About this exercise:
In the records below, find the line holding "Front view of" and the line holding "Pair of earrings". Set down both, with every line between them, exactly.

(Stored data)

★ ★ ★ ★ ★

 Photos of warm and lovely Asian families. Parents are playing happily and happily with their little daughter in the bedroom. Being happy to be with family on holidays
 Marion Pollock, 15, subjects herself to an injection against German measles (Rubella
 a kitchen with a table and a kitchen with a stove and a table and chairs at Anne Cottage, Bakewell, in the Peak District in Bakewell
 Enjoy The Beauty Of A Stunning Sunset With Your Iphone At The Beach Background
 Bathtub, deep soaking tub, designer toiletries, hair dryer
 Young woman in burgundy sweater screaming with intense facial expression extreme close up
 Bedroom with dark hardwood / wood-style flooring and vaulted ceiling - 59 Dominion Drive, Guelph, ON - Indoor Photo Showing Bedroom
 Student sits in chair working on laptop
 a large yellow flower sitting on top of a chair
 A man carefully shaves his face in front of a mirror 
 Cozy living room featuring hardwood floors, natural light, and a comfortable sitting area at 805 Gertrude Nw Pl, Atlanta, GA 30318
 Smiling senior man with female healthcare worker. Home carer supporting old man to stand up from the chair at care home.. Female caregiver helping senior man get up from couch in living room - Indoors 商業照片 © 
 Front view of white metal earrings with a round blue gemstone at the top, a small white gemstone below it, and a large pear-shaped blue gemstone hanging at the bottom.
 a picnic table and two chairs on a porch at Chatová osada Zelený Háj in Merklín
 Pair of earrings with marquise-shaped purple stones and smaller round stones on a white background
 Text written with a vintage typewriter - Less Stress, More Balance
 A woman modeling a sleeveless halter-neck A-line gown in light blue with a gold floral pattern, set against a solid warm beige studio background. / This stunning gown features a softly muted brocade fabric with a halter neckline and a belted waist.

★ ★ ★ ★ ★

The completed task:
 Front view of white metal earrings with a round blue gemstone at the top, a small white gemstone below it, and a large pear-shaped blue gemstone hanging at the bottom.
 a picnic table and two chairs on a porch at Chatová osada Zelený Háj in Merklín
 Pair of earrings with marquise-shaped purple stones and smaller round stones on a white background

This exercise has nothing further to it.